SEMANA: ¿Cómo fuiste cultivando ese interés por lo espiritual y cómo eso se ve reflejado en el libro?
B. H. A.: Esa es la pregunta más esencial y más bonita que me puedes hacer porque es la esencia de este libro y es el propósito superior que tiene más allá de eso de novelar la historia. Es un entendimiento desde la conciencia que ha sido parte de mi trabajo como persona en esta nación. Yo he tenido esas curiosidades de niña, siempre me he hecho preguntas muy difíciles que en esa época de infancia nadie me podía responder con certeza. Fue una búsqueda muy solitaria y a lo largo de mi vida he, digamos que, estudiado muchísimo, he divagado por religiones, por filosofías, por teorías, tratando como de apaciguar un poco esta revolución mental. Cuando yo empecé a interiorizar eso, no como desde una teoría intelectual, sino a vivirla como una espiritualidad práctica. Entonces yo dije, “No, mi camino que me ha hecho como comunicadora, como periodista, luego como coach profesional, siento que hoy tiene ya un foco real, es poder comunicarle a la gente algo que yo ya he entendido adentro y que, por supuesto, pongo en práctica y no es que haya llegado un punto en el que ya no necesite más trabajo, no por el contrario, es una responsabilidad grande que hay a partir de ahora.
Esto no tiene que ver con dogmas, por el contrario, yo invito a la gente a que se libere de cualquier esquema, que se desprograme de cualquier creencia, que no se limite, que se cuestione, que se pregunte, que vaya más allá, que no se deje meter los dedos en la boca.
SEMANA: Un mensaje final para quienes lean este libro...
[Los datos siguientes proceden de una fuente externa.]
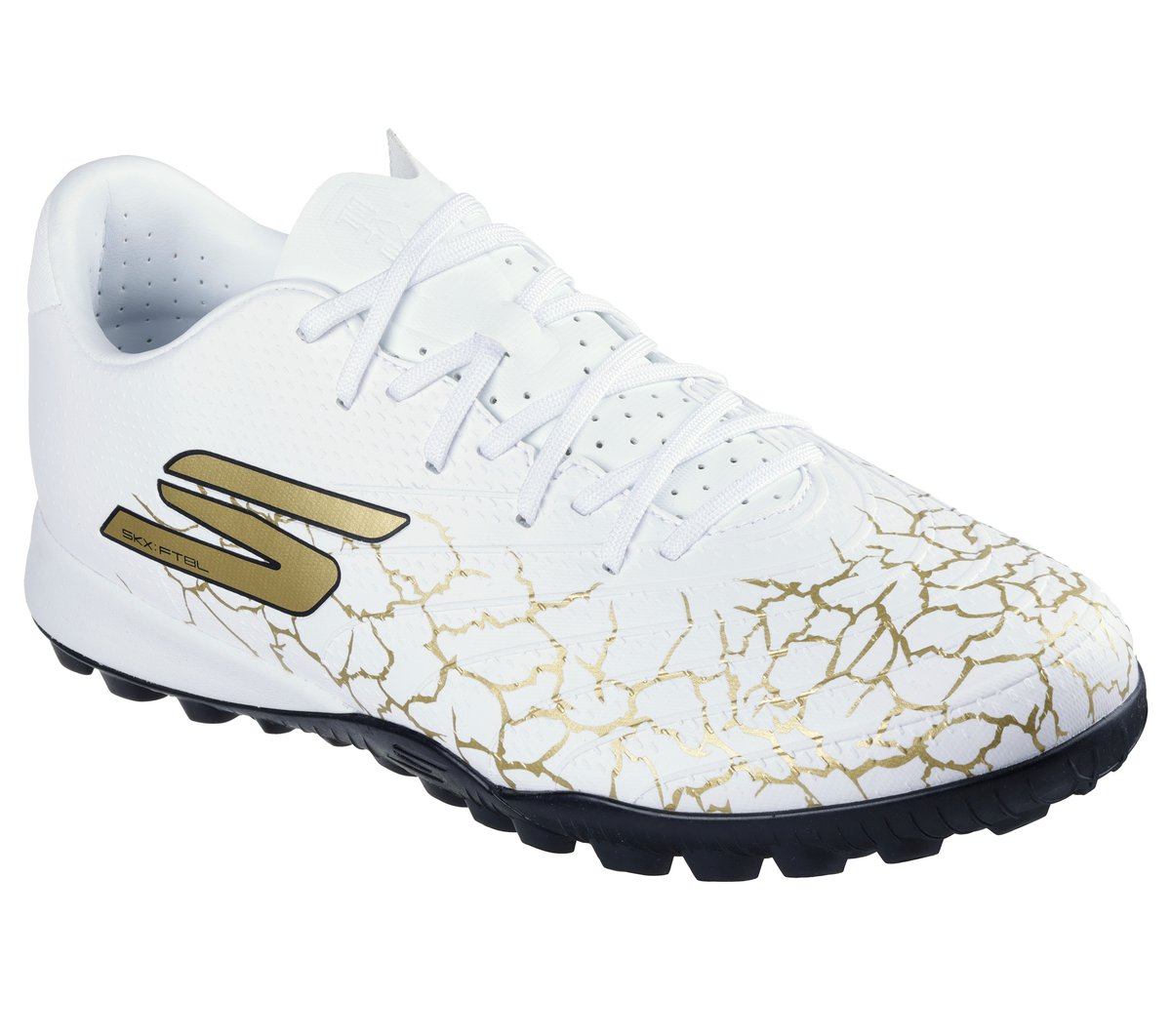 Skechers SKX_1.5 Academy TF | Skechers Men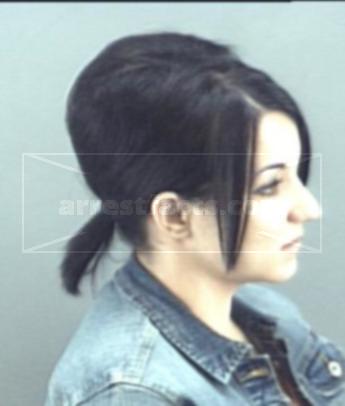 Holli Lynn Minor Hampton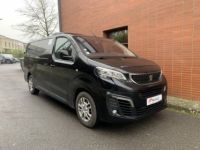 Peugeot EXPERT FG LONG 2.0 BLUEHDI 180CH S&S PREMIUM EAT8 - <small></small> 26.990 € <small>TTC</small> - #1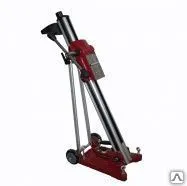 фото Стойка наклонная для алмазных сверлильных установок V-Drill 205 и V-Drill 2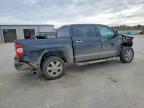 2017 Toyota Tundra 1794 Edition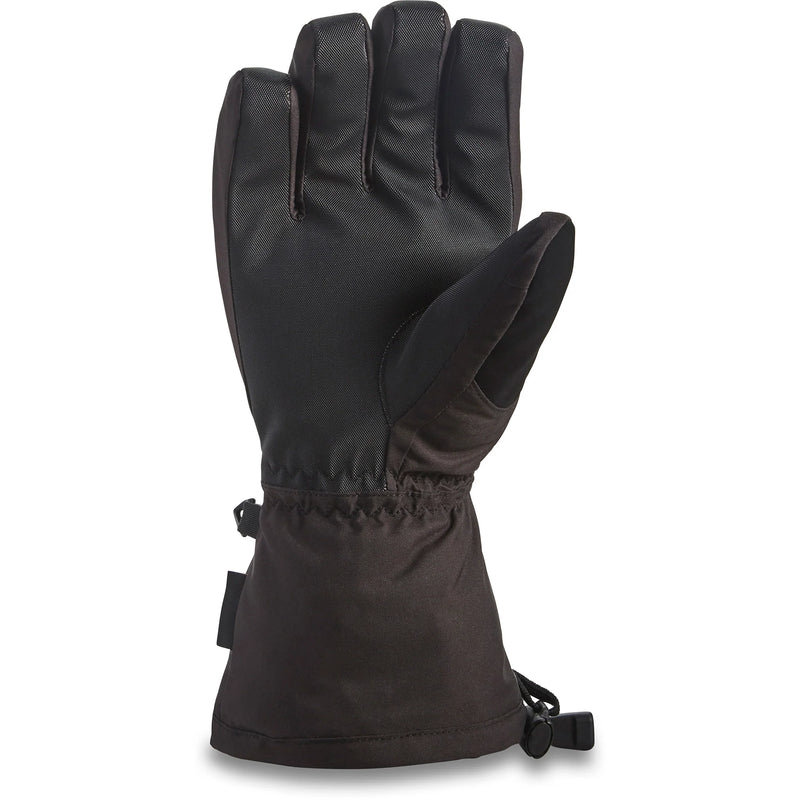 Load image into Gallery viewer, Dakine Women&#39;s Camino Glove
B. H. Á.: Hay una frase que te la voy a leer y está en la primera página del libro y dice lo siguiente, “A las almas que despiertan sin huir del mundo, a quienes se atreven a mirarse con nuevos ojos y hacer de su propia vida un acto de amor consciente. Este libro es para quienes con permiso se eligen”. Y eso justamente es lo que yo propongo. Es una invitación abierta, simplemente a que se exploren a través de mi historia, que la pongo como ejemplo, pero no para generar algún juicio de valor o una opinión, sino simplemente para que se identifiquen en cualquiera de los roles de las enseñanzas y de los aprendizajes que yo tuve.